To be sure, a role like Billy Bloom is an actor’s dream, and Lawther jumps into the deep end, committing himself to extravagance and the character with great energy. It’s really the movie’s single greatest asset, with the young actor undeniably compelling. He offers up Billy as a model a martyr and mystery with much appeal. However, the film itself is a curious mix of parable and fantasy that never quite lands as intended, with everything around Billy in a hyper state of overload, with every character seemingly drawn from an 80s coming-of-age teen comedy turned up to eleven. And like most movies in this admittedly flexible genre, adults are cardboard cutouts of limited supervision and presence who stand clearly on one of two sides.

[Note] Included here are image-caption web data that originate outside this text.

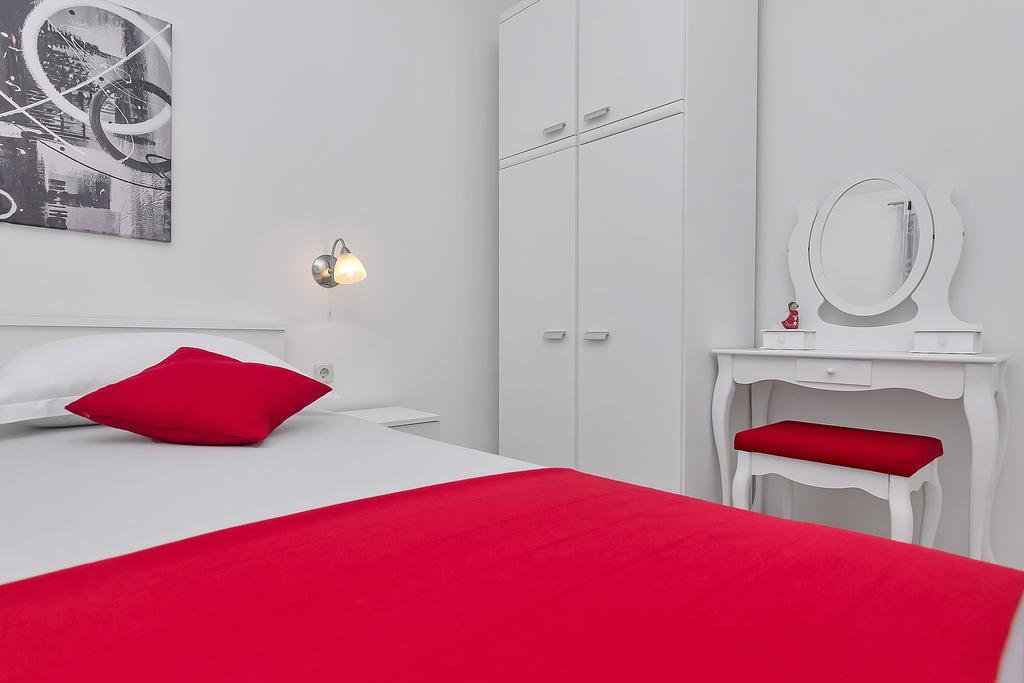Apartments Smiljka Makarska Eksteriør bilde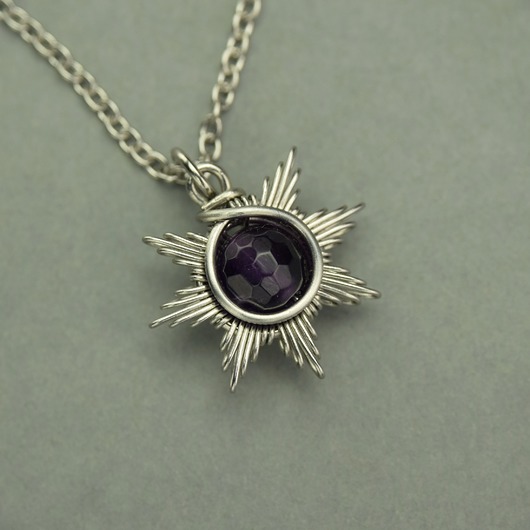 Mały wisiorek słoneczko fioletowy ametyst wire wrapping słońce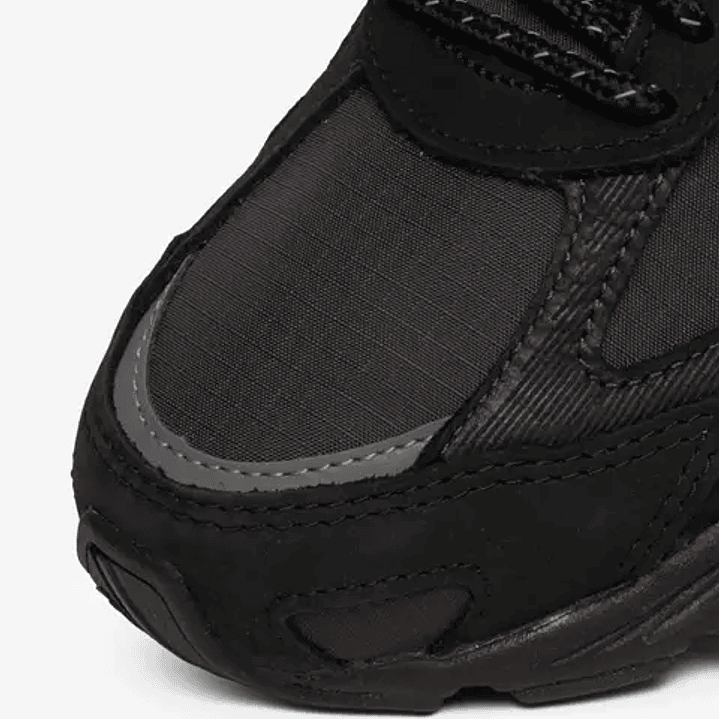 New Balance 2010 Black Faded Black 5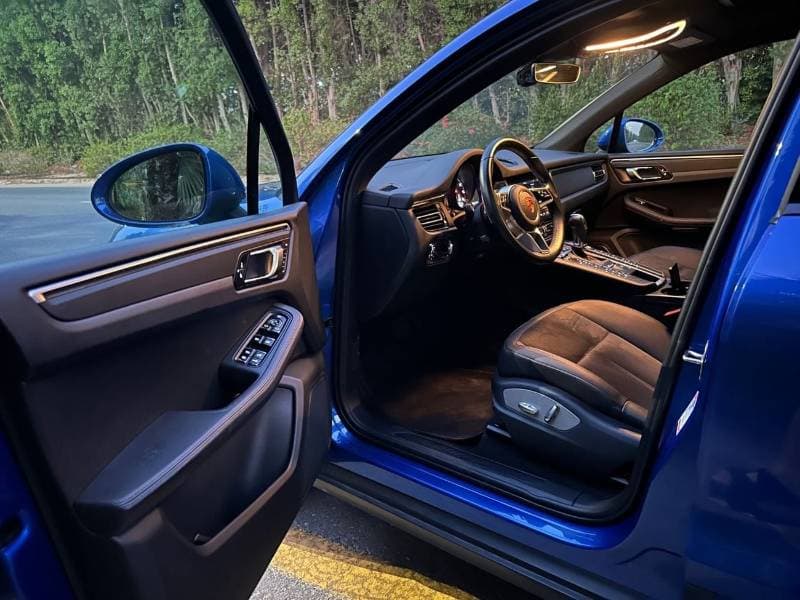 2021 Porsche Macan STANDARD thumbnail 7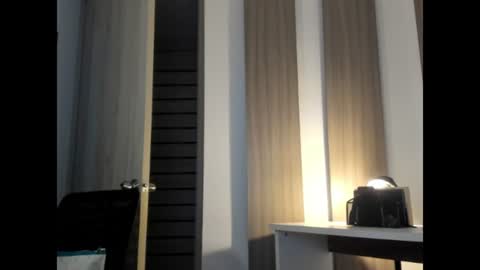 caitlingomez0 online show from June 10, 3:18 am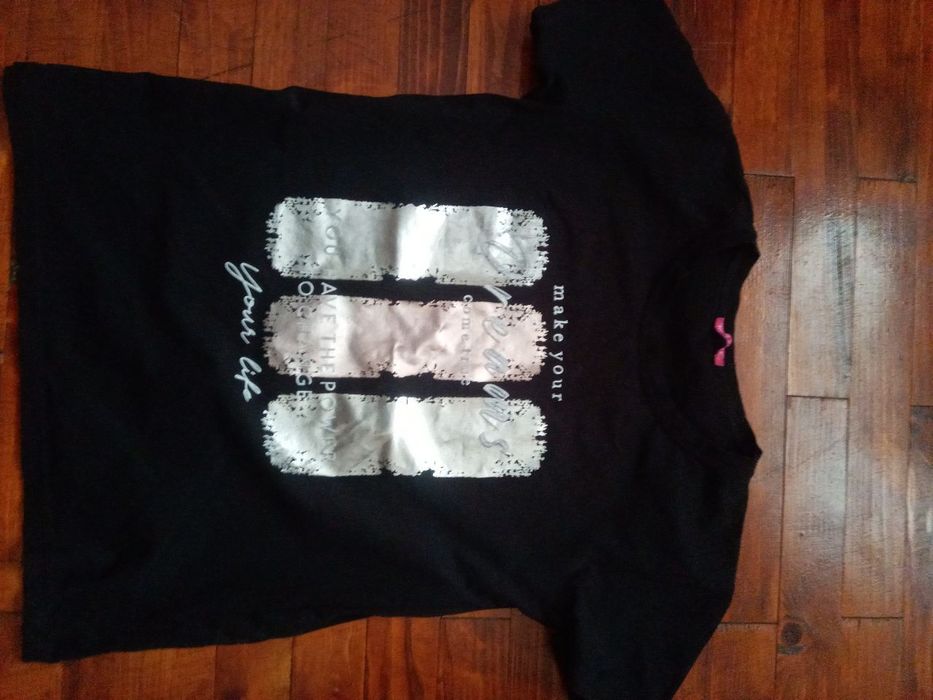 Футболка чорна з блискучими полосками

However, this is a movie you want to like, it in fact almost daring you not to, its story one that will ring true of course for many young people in the audience. But it never feels very real or genuine, with characters thinly drawn and pulled from a deep pool of archetypes, from mindless jocks to an insensitive and callous class princess (Abigail Breslin), she the very definition of generic unlikable with Breslin so overboard it’s almost unhinged. On the other hand, there is Florence (Celia Weston), the live-in housemaid who is a rock in his unstable home. Layered over this is Billy’s endless narration and commentary on what’s happening, never leaving you with any ambiguity.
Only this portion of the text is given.